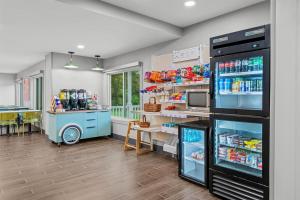 a store with a refrigerator and a table in a room at Spark by Hilton Brunswick in Brunswick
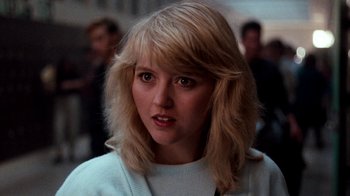 Movie still from “A Nightmare on Elm Street 4: The Dream Master” (1988), directed by Renny Harlin – A person wearing a white shirt; Close Up shot, Over the shoulder angle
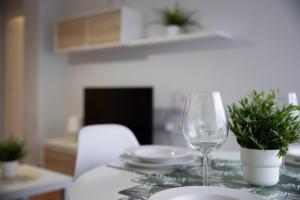 uma mesa com um copo de vinho e pratos em Apartamento Albelda Plaza em Albelda de Iregua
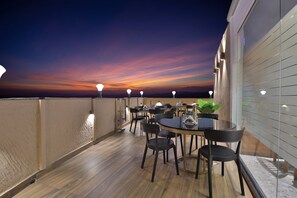A rooftop terrace with wooden flooring, round tables, and black chairs, featuring a sunset view. - HOTEL SURAT (Surat)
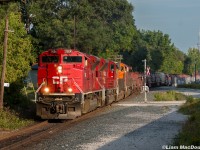 CP 421-10 has a 4-unit lashup and is seen here passing mile 4 of the MacTier Sub in some nice golden light.
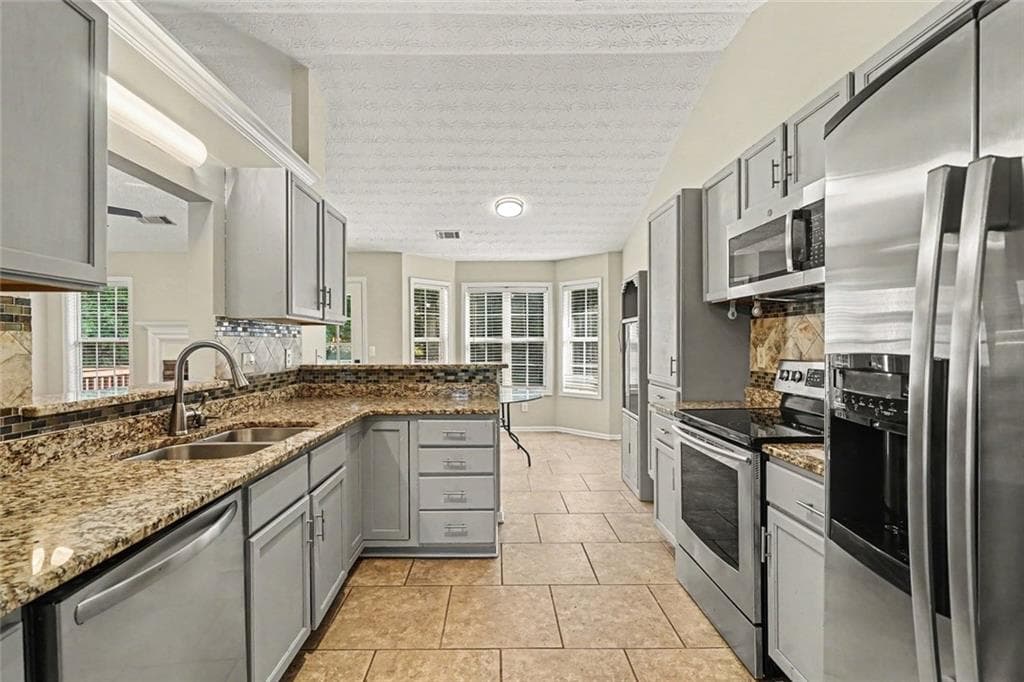5 bedroom, 3 bathroom, 2,500 sq ft single family residence for sale at 524 Martin Forest Lane, Lawrenceville, GA 30045 — photo 3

********************

** Task **
Pictures are to be left out; otherwise, retype exactly the lines from the first line of the data through the line containing "Movie still from".

** Completed exercise **
 a store with a refrigerator and a table in a room at Spark by Hilton Brunswick in Brunswick
 Movie still from “A Nightmare on Elm Street 4: The Dream Master” (1988), directed by Renny Harlin – A person wearing a white shirt; Close Up shot, Over the shoulder angle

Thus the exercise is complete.